» Task: Print the records below exactly, and do not carry over any picture.
---- Input for this task
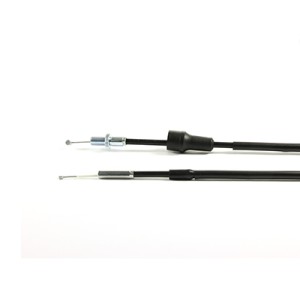 Linka gazu Yamaha YFZ 450R 09-20 (45-1192)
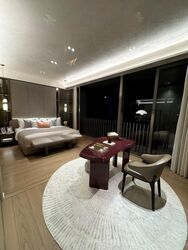 Aurea (D7), Apartment #454405921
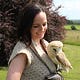 Go to the profile of Lisa Wilton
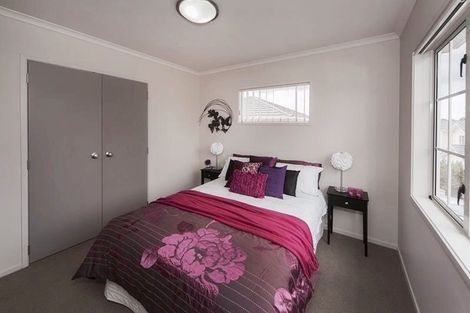 Photo of property in 23 Mulvaney Crescent, Henderson, Auckland, 0612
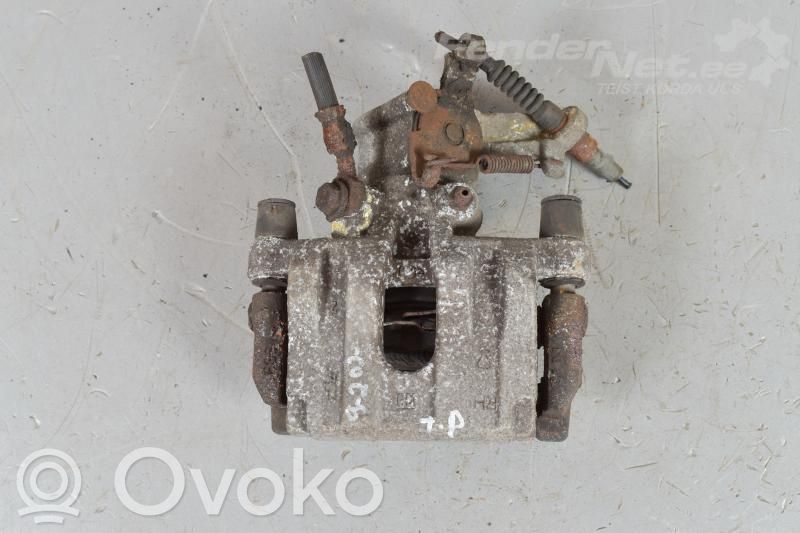 Saab 9-3 Ver2 Takajarrusatula 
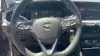 Opel Grandland 1.5 CDTi GS Line Auto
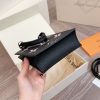 New Fashion LV Handbag L657 QA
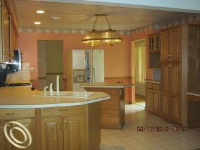 38550 Littlefield Dr, Sterling Heights, Michigan  Image #6815686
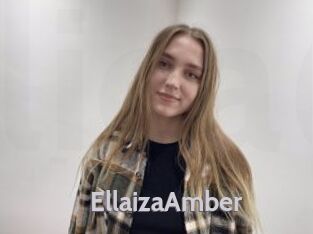 EllaizaAmber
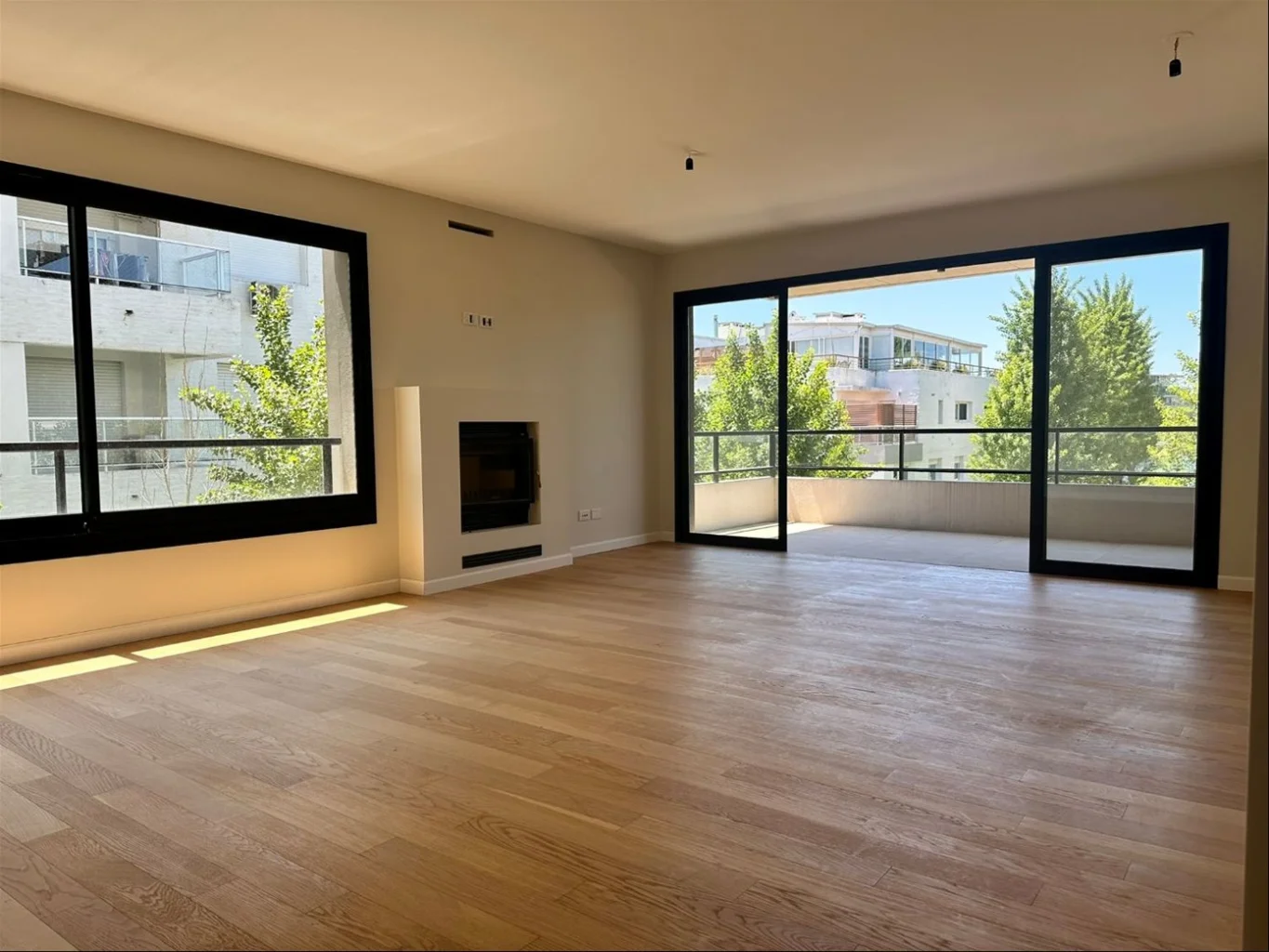 Apartamento en Carrasco Este, propiedad 292038 -Imagen 2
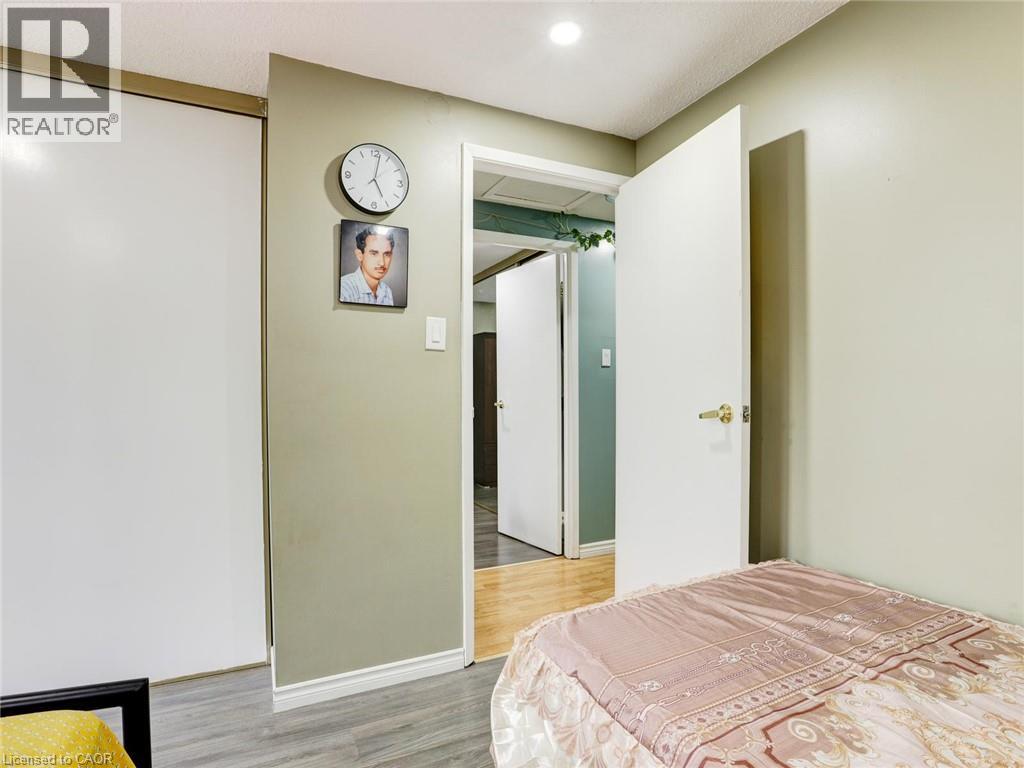 128 Macatee Place, Cambridge, Ontario  N1R 6Z8 - Photo 31 - 40854237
--------
» Written response:
 Linka gazu Yamaha YFZ 450R 09-20 (45-1192)
 Aurea (D7), Apartment #454405921
 Go to the profile of Lisa Wilton
 Photo of property in 23 Mulvaney Crescent, Henderson, Auckland, 0612
 Saab 9-3 Ver2 Takajarrusatula 
 Opel Grandland 1.5 CDTi GS Line Auto
 New Fashion LV Handbag L657 QA
 38550 Littlefield Dr, Sterling Heights, Michigan  Image #6815686
 EllaizaAmber
 Apartamento en Carrasco Este, propiedad 292038 -Imagen 2
 128 Macatee Place, Cambridge, Ontario  N1R 6Z8 - Photo 31 - 40854237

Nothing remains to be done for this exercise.